Parents who lent R540,000 to their daughter while she was going through a divorce to buy her husband out of their marital home are now ruing their decision.
This after they failed to prove to the Free State high court that the money was a contractual loan.
In 2018, when the daughter was divorcing her husband, she approached her father to help her with an amount equal to half of the value of the property so that she could buy her husband's share. .
The father pleaded in his claim that he advanced his daughter the money “as a parent who was looking after the interests of his child”, but had expected her to pay back the money after the divorce.
The daughter said she received an amount of R300,000 from her father, who was the first plaintiff, and that she received an amount of R240,000 from her mother, who was the second plaintiff in the case, as this portion was paid from her bank account.
The daughter admitted that she received the money but she argued that her parents failed to produce sufficient evidence to establish that when they gave her the money, she had any intention of repaying them.
For the parents to have succeeded with their claim, they had to prove the existence of the loan and the specific terms of the loan agreement.
The action was dismissed with costs. According to the judgment, the father failed to prove the creation of contractual obligations and failed to prove the establishment of a contract from which rights may flow. The father also conceded during cross-examination that he and the daughter had not reached an agreement about a repayment date.
Judge AJ de Kock said the father could not show “the existence of either a written, oral, or tacit loan agreement”.
“No material terms and conditions of the alleged loan agreement were pleaded. In particular the date or time period for repayment of the alleged loan amount, and consequent breach of the alleged loan amount by virtue of the [daughter’s] failure to make repayment on an agreed date or time period has not been pleaded.
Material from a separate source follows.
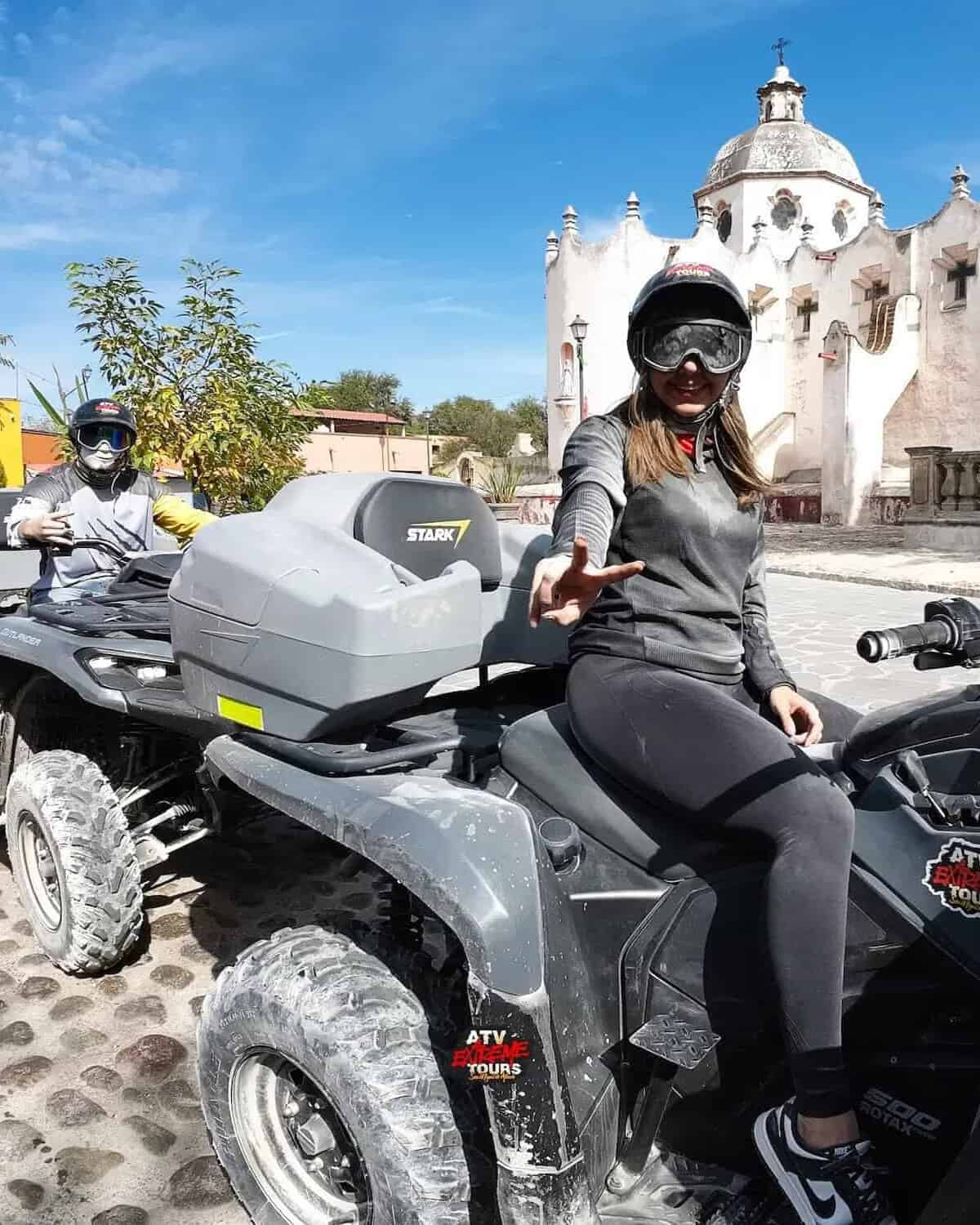 Viajeros en cuatrimoto frente al Santuario de Atotonilco.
“The onus rested on the father to prove the existence of a loan agreement, its terms and consequent breach thereof on a balance of probabilities,” said the judge. “However, no prima facie evidence was presented to show that the money was advanced to and accepted by the daughter as a loan for consumption to be repaid.”
De Kock found the father “most certainly failed in proving the existence of a loan agreement containing a contractual term stipulating when the alleged amount was due and payable” by the daughter.
“Taking all into consideration his claim stands to be dismissed without further ado,” said the judge.